Before saying yes to projects, project and portfolio leaders must understand how each project impacts the portfolio. Does the potential project add value to the portfolio? Is it aligned with business strategy, and does it bring the company closer to reaching its goals? Are the necessary resources available to execute?
Project analysis within the context of the portfolio is necessary to not only keep teams on track with a common purpose but to also focus investments and resources on the highest-value projects.
Key Elements of Project Portfolio Management
The key elements of project portfolio management enable organizations to connect strategic plans to the execution of projects, giving leaders a mechanism to ease project selection decisions. Following the primary steps of the portfolio management, organizations can begin to build what PMI says is the ultimate goal of the process: “a focused, coordinated, and executable portfolio of projects that will achieve the goals of the organization.”
Following these steps is never a one-time effort. Because there is so much change to manage, organizations must be able to constantly adapt the portfolio, making trade-off decisions to maintain strategy and execution alignment. The PMO should initiate a full portfolio review on a scheduled basis, as well as any time there is a significant change.
Define business objectives
Clarifying business objectives is a critical first step in project portfolio management. According to Harvard Business Review, articulating a common definition aligns teams with a singular purpose, and without purpose, teams lack the motivation to tackle challenges that prevent the organization from achieving its goals.
Inventory projects and requests
Decision-makers need to create an inventory of potential projects, including in-flight projects, project requests, and ideas for new projects. Collect data on each item based on what is deemed valuable to your organization, such as cost, resource requirements, time-to-market estimates, forecasted returns, and problems solved, for example.
Based on the project data collected during the inventory phase, begin prioritizing projects that create the most value for and balance the portfolio. Depending on the valuation criteria, each project can be given a score. Evaluate resource capacity and allocate available resources to the highest value projects in the portfolio, allowing remaining projects without assigned resources to fall down the priority list.
Validate project feasibility and initiate projects
Even a maximized and balanced portfolio may not be feasible due to bottlenecks and constraints. Partner with project stakeholders to discuss project dependencies, resource skill sets, resource capacity, and budget requirements and limitations.
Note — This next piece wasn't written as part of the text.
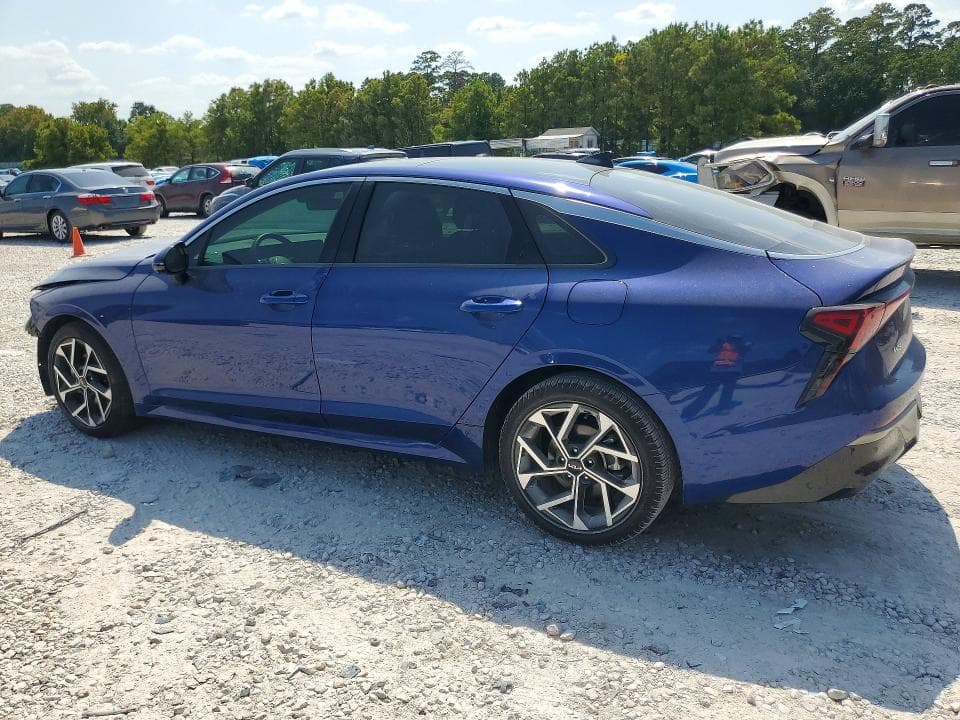 2026 KIA K5 EX 2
Initiate validated projects by entering them into the project management system.
Manage and monitor the portfolio
The project manager will manage individual projects, while the portfolio manager will monitor execution progress and continued alignment of projects across the portfolio. As strategic priorities shift or issues arise, there may be the need to make calculated changes to projects, resources, budgets, and/or the portfolio. One of the key elements of project portfolio management is to be able to keep the portfolio focused on meeting current business goals.
The Importance of Project Portfolio Management
Even though there is a need for solutions that help manage and coordinate the delivery of projects and portfolios, many organizations are not fully taking advantage of the benefits that project portfolio management can bring. According to the Project Management Institute (PMI):
- Too much money is being wasted on poor project performance
- The essential importance of project management as the driver of an organization’s strategy isn’t usually fully realized; only 58% of organizations fully understand the value of project management
- Without good project management, organizations are putting the delivery of strategy at risk
“In many cases, managing funding, diversity of skillsets and roles, incoming demand, capacity, utilization, and other factors can mean the difference between the PMO’s success and failure.”
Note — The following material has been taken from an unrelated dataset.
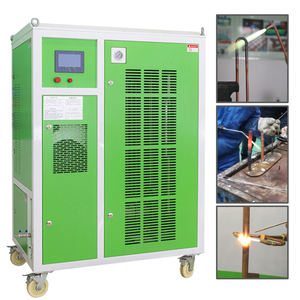 Máquina de Soldadura de Gas Hidrógeno por Electrólisis de Agua de Acero Inoxidable Manual de Alta Calidad, Generador de HHO con Salida de 5500L/H <span class=keywords><strong>para</strong></span> Soldadura - Product Image 2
Organizations need a centralized way to manage and coordinate the delivery of projects and portfolios. Project portfolio management isn’t just about managing a project lifecycle. Its real benefit comes by establishing a best practice to help organizations prioritize the projects and programs that hold the most potential value for the enterprise and maximize that value by ensuring that delivery of the work is driving toward objectives of the company strategy.
5 benefits of project portfolio management
Utilizing the key elements of project portfolio management, organizations can more easily and confidently:
- Prioritize projects with the greatest strategic alignment and the most potential value
- Increase project delivery success
- Decrease overspend and inefficiencies
- Make smarter decisions
- Manage change
The project portfolio management process gives companies the ability to predict outcomes with greater assurance and invest resources in projects that offer the best results. By understanding risks across projects and portfolios, project managers and PMOs can make more informed decisions to proactively manage risks instead of waiting to respond until projects are already doomed.
Investing in the Right Project Portfolio Management Tools
In a research note for Critical Capabilities for Project Portfolio Management, Gartner notes that program and portfolio management leaders often find that, given the complexity of their organizations’ project program, resource and portfolio environments, they need software solutions to plan, organize, and control all of this.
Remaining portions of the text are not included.